Originally Posted by Ikki
I didn't really want to get into this here - in a way it'd be like Shane Warne joining the forum and deciding to pick a fight with CWB about whether Ian Bell is in fact Class B rubbish or Class C rubbish and exactly whether he should be dropped because of Reason X or Reason Y, while everyone else looked on in horror - but it's probably a bit unfair for me to keep jokingly treating you like poison without actually explaining my position. I don't really intend to have an argument about it though so if you do reply, I probably won't reply back to much if any of your post.
Ideologically I do think we have pretty similar positions; for example I imagine you'd be a little south and a west of my (+9.5, -7) political compass result but without too much deviation from it especially compared to the rest of the forum, and even in this test we got very similar results based on the ideological questions it contains. I'm a very firm believer in the free market and feel that any failure in it to deliver a fair and just outcome economically would be principally derived from social difficulties and inequities rather than intrinsically faulty economics within itself. Furthermore, I don't believe victimless crime should exist; everyone should be able to live by their own moral code as long as it doesn't trample on the rights of others, and as such moral policing should be kept to an absolute minimum. For me this does extend to a few things that the authoritarian, largely bible-bashing, nanny-state enforcing sector of the Republican party would find abhorrent, like the legalisation of many banned substances and prostitution.
Where we differ is that I don't actually much like ideology; not as a cover-all practical fall-back stance anyway. Ideologically I am, yes, a libertarian, just like you, and any political alignment test I do is going to ask ideological questions and back that up entirely. I do agree with Paul and Johnson a lot more than the other candidates and hell, I'd be lying if I didn't say I agreed with you politically more than any other member as well. However I find the notion that any one ideology can be used as an automatic position for any problem the world throws us to be lazy, naive, shortsighted and often, in my case anyway, somewhat embarrassing to those who belong to that ideological group. Whether you're a libertarian, a socialist or whatever else, reaching to an ideological fall-back as an answer to any problem vastly under-estimates the complexity of the world and the need for case-by-case analysis. Instead of letting one's ideology drive one's opinions automatically, one should form opinions individually and honestly, and let those opinions form his own ideology. Governance is just as much about finding what works as finding what's fair, and I think that's where a lot of us get lost a bit.

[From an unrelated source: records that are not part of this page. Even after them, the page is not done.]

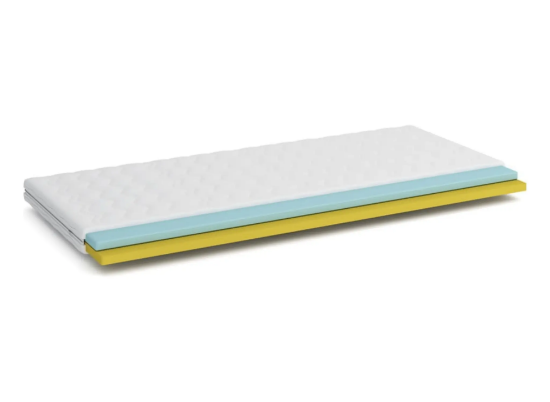 Slika Madrac VOLINI 100x190, 11 cm, srednje tvrdi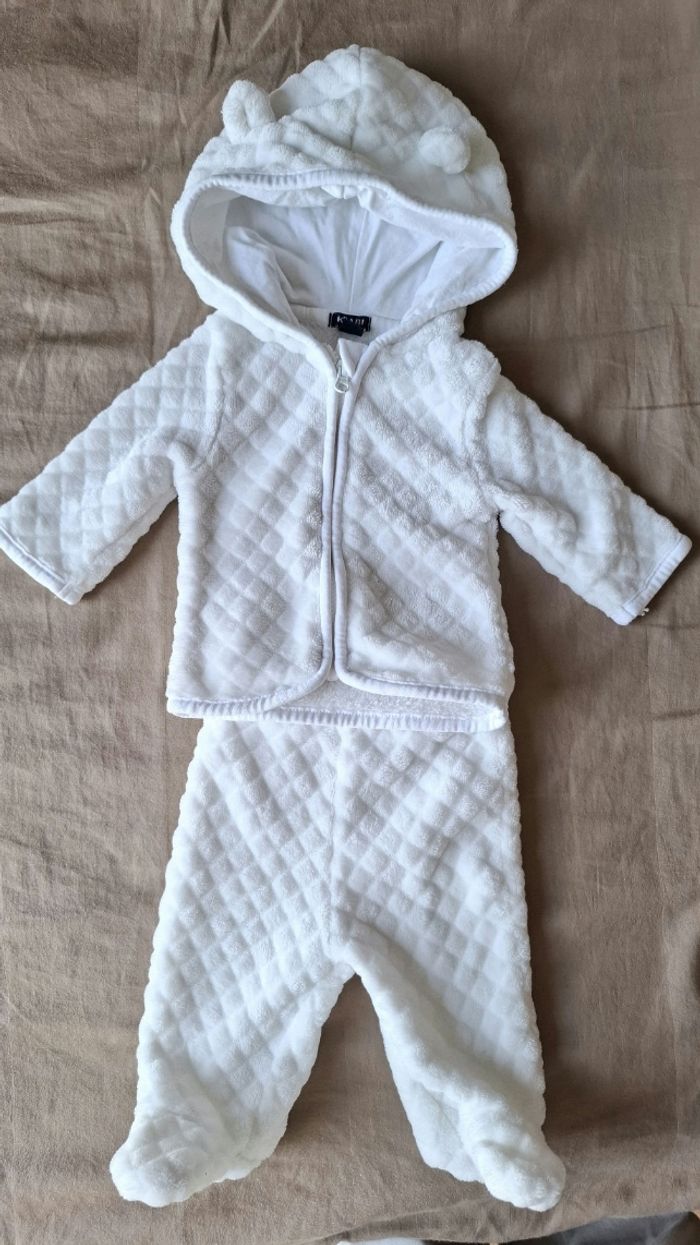 Ensemble doux Kiabi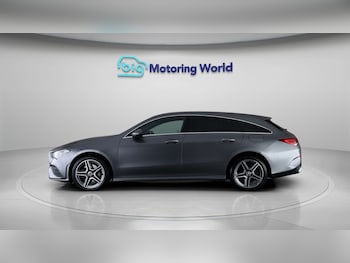 Used Mercedes-Benz CLA 2021 for sale - 77352127: Photo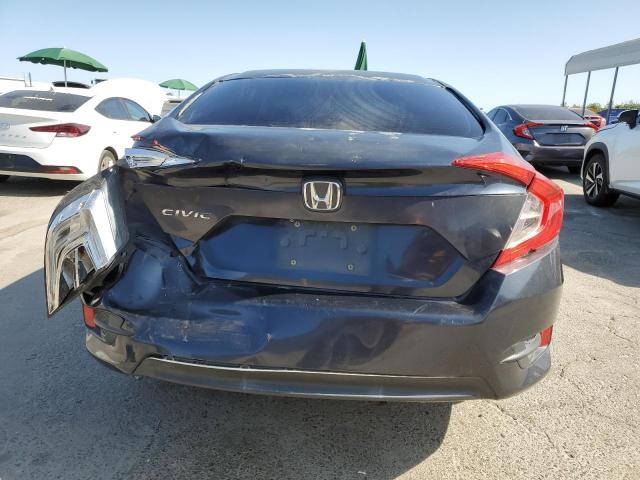 Sedans HONDA CIVIC 2016 Charcoal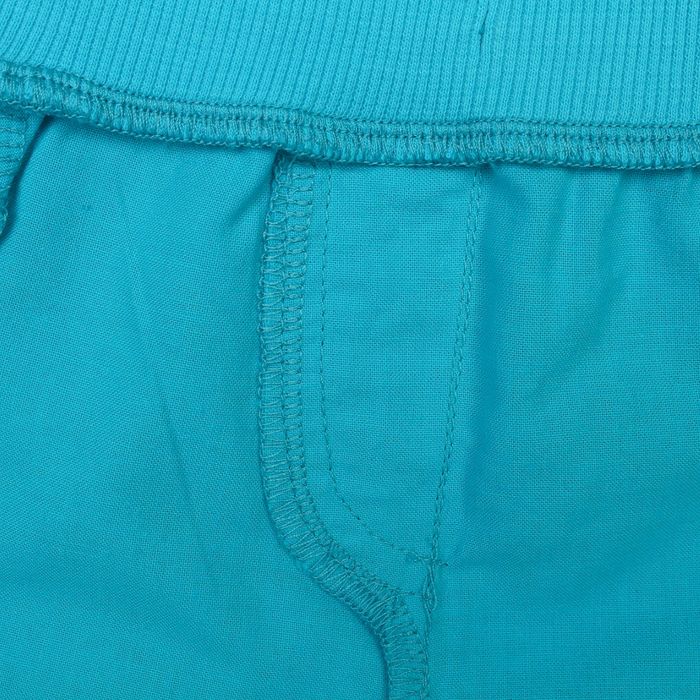 Шорты детские, рост 74 см, цвет бирюзовый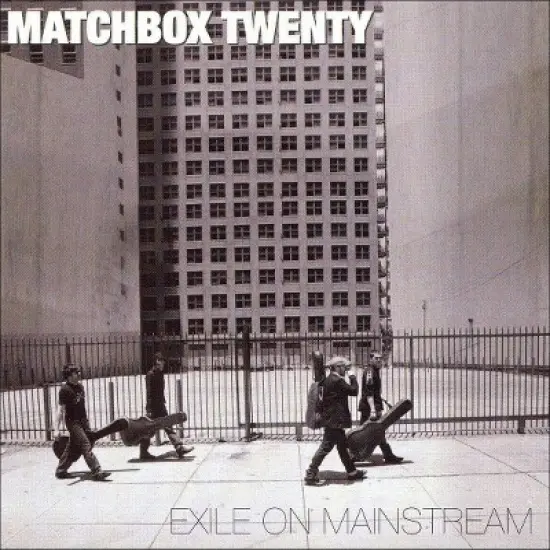 Matchbox Twenty - Exile on Mainstream (CD) image {1}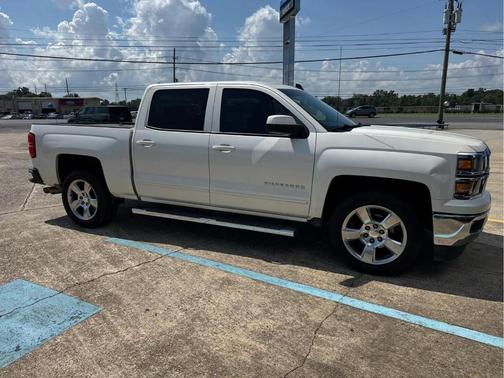 2015 Chevrolet Silverado 1500 LT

I don't want to bring back many of the same debates but I feel I should actually give some examples of what I'm talking about, so I'll point out that when you suggested the FDA should be disbanded completely and that we should let the free market determine which restaurants are safe to eat at, then I thought that was an absolutely absurd application of ideology put forward merely to make the ideology itself seem bullet-proof. I actually do agree that it would work, particularly in the information age in which we live; word of mouth would eventually would rank each establishment fairly accurately and the free market would then incentivise improvement and competitive, so those restaurants with absolutely disgraceful h&s standards would eventually close down. However I don't think anyone really thinks it's acceptable to wait for 200 people to get food poisoning and 20 of those to die before a place is actually closed down. It'd be an example of the free market working but at a human cost far too high for anyone with an ounce of humanity who wasn't trying to apply an ideology to a situation it wasn't capable of truly handling. And that's before we even examine the possibility of some health standards costing more to uphold than any resulting poor reputation would actually cost. It doesn't mean you should throw the baby out with the bathwater but it does show things need a more case by case approach with all the variables examined.